Fan Bingbing busted in ‘huge tax fraud’
China’s highest paid actress, Fan Bingbing, has been ordered to pay more than $180 million in fines and back taxes.
A Chinese celebrity whistleblower has attacked the new film Air Strike as a “huge fraud” after China’s highest paid actress, Fan Bingbing, was ordered to pay more than $180 million in fines and back taxes.
Some of the income came from the 37-year-old’s appearance in the Chinese-made film starring US actor Bruce Willis, which is due for worldwide release later this month.
Mel Gibson was art director on the movie filmed in Shanghai in 2015, as a memorial to mark the 70th anniversary of the allied victory in World War 11. The film, called The Bombing in China, is about the Japanese air raids on Chongqing.
“The facts prove once again that Air Strike is a huge fraud,” former China state television talk show host Cui Yongyuan wrote on his social media account after the news of Fan’s charges and her grovelling apology on social media.
“One person who took part in the huge fraud has been punished,” Cui wrote.
It was revelations on Cui’s social media account about Fan’s movie contracts that led to her house arrest several months ago as authorities investigated allegations of tax avoidance.
Cui posted two contracts purportedly signed by Fan for another movie, Cell Phone 2, which showed two different fees – one only a fifth of the other, allegedly for the tax authorities. So called yin-yang contracts are rife in the Chinese film industry.

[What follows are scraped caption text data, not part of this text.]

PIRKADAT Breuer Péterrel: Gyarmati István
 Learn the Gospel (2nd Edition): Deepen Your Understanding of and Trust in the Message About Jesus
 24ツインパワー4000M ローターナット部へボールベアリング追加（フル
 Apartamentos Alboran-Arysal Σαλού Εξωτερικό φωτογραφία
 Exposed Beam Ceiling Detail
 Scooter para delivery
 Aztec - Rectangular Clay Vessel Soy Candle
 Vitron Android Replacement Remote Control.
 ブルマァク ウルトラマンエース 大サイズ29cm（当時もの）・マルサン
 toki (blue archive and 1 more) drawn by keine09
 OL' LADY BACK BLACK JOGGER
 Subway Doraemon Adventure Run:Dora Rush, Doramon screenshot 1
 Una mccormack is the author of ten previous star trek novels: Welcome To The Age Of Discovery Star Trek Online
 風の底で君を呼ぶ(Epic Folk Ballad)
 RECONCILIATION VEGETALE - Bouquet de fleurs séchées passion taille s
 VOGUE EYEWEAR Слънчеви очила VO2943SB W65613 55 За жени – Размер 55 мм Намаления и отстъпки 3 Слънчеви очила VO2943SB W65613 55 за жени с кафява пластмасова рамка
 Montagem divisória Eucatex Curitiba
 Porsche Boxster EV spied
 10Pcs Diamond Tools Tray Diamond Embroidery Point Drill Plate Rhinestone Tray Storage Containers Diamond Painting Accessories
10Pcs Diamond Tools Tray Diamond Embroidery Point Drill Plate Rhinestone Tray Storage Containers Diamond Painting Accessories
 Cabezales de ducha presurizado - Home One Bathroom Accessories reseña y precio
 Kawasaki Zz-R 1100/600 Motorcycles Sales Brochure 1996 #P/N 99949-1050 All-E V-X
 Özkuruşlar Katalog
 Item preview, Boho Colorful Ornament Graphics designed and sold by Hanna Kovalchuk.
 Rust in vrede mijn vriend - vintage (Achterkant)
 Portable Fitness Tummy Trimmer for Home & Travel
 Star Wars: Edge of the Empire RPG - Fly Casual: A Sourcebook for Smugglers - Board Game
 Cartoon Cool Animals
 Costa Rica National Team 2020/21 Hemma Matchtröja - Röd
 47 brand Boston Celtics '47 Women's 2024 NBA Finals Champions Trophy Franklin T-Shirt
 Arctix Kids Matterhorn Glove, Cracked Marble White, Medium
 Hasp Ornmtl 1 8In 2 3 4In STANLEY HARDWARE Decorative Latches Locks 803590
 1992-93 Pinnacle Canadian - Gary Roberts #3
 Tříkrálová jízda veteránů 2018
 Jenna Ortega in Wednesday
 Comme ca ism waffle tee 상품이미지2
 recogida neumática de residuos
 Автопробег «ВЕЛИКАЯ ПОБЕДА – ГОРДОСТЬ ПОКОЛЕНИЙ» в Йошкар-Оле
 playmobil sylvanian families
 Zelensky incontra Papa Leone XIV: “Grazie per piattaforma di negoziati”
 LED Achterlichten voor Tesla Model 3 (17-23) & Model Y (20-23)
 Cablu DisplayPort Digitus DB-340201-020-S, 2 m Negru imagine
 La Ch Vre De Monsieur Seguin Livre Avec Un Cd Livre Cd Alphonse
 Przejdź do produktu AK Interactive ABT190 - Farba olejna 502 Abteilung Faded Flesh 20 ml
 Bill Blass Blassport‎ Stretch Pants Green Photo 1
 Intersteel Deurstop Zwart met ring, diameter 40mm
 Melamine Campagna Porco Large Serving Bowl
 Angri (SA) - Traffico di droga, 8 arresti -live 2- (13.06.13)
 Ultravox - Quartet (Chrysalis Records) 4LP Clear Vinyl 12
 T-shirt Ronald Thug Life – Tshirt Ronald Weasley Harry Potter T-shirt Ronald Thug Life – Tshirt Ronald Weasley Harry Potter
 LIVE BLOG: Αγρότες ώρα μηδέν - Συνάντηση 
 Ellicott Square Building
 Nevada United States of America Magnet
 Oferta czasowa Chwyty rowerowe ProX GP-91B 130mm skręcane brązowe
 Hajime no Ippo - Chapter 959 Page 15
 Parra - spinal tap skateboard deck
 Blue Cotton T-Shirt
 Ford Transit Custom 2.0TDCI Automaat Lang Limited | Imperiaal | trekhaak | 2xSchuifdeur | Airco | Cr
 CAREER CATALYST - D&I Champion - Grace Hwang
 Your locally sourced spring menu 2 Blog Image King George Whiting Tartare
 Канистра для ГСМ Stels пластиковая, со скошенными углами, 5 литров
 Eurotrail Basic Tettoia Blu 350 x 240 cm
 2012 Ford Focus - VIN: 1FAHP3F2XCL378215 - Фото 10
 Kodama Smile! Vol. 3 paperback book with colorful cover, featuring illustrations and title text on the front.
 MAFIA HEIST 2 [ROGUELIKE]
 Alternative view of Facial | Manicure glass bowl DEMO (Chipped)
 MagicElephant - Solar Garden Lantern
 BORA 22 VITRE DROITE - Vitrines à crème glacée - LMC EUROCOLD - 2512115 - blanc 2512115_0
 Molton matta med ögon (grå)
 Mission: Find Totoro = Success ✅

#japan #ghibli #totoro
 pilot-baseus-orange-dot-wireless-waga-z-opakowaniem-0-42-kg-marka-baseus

Fan has been a brand ambassador for Australian heath supplement company Swisse, and starred in X-Men: Days of Future Past, with Hugh Jackman.
It is not clear what Cui means by “huge fraud” but his access to Fan’s movie contract documents may show access to other information about the financing of films in China, where the government has moved to limit the total amount of money that movie stars can make.
Fan has until the end of the year to pay $US130m in back taxes and fines, or face criminal prosecution and jail time.
After news of the fines was announced by Chinese state media on Wednesday, Fan issued an apology on her Weibo account that appears to have been part of the settlement.
Even if she escapes a jail sentence, which looks likely, there are still questions about whether Fan can revive her career following such a public fall from grace.
The Australian sent emails yesterday to the Chinese owners of Swisse, the Guangzhou-based H & H Group, which proudly spoke to Australian journalists in Shanghai last November about Fan as a brand ambassador for the company in its November 11 Singles Day promotion, about future plans for using her, but received no reply by deadline.
The move is being seen in China as a continuation of the policies of President Xi Jinping, who came to office in 2012 with vows to crack down on corruption, including tax evasion by the wealthy.
His administration has ushered in a more austere regime where displays of ostentatious wealth are frowned upon and more controls are being implemented on social behaviour.
Even so, the move by Chinese authorities against their most high-profile international actress has sent shockwaves through the Chinese entertainment industry.
In a statement released this week, at the time the penalties were announced against Fan, China’s State Taxation Administration called on “other film and television firms” in China, “as well as relevant personnel”, to make remedial payments on their outstanding tax by the end of the year.
It said people who did not do this would be subject to “administrative punishment and penalties”.